■ To do: Would you return the lines from the one that contains "FEBI BILSTEIN Antriebswelle" to the last line of the entries below, exactly and with nothing added?

** Opening Supplied data block **

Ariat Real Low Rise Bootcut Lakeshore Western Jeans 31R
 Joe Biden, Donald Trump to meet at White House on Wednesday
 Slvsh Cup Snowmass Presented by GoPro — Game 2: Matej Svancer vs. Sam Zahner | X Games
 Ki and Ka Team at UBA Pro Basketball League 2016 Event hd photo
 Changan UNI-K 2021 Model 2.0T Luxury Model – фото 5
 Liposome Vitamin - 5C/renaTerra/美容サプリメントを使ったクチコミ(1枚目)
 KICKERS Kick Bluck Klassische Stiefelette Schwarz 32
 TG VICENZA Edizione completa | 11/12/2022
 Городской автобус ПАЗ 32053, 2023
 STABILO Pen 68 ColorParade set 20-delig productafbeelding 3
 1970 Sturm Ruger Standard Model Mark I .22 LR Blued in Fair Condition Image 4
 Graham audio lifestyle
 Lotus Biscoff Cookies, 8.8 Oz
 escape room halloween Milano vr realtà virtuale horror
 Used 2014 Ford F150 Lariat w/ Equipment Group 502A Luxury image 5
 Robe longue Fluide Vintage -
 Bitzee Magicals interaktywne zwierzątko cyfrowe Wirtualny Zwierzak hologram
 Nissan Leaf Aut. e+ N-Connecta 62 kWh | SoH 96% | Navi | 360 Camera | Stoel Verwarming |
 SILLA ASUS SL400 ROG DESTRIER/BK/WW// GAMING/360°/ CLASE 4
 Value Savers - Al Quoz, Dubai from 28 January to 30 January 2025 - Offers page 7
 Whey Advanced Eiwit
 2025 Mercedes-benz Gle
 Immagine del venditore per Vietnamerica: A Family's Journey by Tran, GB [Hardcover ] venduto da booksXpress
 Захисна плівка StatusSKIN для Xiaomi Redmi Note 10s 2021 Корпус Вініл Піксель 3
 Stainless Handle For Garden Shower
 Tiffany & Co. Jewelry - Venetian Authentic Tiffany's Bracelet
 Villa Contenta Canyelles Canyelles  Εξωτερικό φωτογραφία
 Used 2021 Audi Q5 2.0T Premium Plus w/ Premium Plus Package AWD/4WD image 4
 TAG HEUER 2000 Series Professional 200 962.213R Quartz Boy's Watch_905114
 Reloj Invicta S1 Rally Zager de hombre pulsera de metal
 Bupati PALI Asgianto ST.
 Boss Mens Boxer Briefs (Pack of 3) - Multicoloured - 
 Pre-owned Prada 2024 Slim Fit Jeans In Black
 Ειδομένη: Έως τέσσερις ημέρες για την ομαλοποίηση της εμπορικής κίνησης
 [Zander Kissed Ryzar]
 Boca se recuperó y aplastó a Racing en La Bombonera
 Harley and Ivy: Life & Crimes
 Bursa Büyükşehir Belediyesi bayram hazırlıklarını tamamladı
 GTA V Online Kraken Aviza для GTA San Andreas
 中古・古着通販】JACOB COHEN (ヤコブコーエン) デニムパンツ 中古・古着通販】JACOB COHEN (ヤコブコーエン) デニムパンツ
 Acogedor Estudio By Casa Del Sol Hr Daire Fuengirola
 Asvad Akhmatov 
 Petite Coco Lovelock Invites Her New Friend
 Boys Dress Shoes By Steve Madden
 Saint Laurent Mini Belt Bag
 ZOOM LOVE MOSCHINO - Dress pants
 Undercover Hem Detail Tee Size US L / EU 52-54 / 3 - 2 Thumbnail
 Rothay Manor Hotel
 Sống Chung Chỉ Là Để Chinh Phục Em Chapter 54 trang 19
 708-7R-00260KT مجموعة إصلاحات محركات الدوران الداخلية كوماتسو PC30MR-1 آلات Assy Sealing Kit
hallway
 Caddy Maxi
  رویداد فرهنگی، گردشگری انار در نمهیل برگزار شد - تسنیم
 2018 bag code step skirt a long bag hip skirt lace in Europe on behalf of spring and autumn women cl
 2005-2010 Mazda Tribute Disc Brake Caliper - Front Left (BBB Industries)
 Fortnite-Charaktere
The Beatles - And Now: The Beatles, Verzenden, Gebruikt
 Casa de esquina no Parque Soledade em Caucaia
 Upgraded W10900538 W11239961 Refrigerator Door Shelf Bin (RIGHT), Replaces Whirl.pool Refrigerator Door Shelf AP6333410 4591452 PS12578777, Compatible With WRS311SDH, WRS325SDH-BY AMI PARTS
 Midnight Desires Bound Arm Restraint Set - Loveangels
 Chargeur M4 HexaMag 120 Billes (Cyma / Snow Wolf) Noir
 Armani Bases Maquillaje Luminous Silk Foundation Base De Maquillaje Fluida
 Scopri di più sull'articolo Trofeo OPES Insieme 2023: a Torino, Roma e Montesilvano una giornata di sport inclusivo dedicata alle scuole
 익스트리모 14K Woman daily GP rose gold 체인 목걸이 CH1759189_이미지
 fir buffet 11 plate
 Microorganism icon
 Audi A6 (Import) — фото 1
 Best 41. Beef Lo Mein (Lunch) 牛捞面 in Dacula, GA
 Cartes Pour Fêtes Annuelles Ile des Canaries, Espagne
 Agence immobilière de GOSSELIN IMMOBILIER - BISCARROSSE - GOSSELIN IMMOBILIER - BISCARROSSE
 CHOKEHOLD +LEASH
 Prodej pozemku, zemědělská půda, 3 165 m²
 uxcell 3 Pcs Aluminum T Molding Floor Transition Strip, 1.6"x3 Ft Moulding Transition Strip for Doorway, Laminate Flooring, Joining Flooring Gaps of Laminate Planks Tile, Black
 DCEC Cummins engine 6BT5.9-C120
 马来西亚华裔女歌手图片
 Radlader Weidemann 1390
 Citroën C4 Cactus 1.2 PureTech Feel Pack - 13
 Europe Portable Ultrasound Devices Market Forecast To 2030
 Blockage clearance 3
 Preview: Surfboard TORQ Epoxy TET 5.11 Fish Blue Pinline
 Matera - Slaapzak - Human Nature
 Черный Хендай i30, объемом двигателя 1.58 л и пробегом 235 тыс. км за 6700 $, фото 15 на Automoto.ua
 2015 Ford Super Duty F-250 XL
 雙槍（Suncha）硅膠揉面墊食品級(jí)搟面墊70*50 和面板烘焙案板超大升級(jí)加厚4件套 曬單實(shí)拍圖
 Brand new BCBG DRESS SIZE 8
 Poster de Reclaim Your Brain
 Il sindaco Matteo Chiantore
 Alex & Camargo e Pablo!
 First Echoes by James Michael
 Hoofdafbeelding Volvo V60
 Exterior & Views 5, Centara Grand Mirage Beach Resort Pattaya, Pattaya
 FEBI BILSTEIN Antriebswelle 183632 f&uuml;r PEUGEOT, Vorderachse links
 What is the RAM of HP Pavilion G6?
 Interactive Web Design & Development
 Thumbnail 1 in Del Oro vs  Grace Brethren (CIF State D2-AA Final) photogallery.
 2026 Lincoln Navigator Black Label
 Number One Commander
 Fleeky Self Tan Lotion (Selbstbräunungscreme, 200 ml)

** Closing Supplied data block **

■ Solution to the problem:
 FEBI BILSTEIN Antriebswelle 183632 f&uuml;r PEUGEOT, Vorderachse links
 What is the RAM of HP Pavilion G6?
 Interactive Web Design & Development
 Thumbnail 1 in Del Oro vs  Grace Brethren (CIF State D2-AA Final) photogallery.
 2026 Lincoln Navigator Black Label
 Number One Commander
 Fleeky Self Tan Lotion (Selbstbräunungscreme, 200 ml)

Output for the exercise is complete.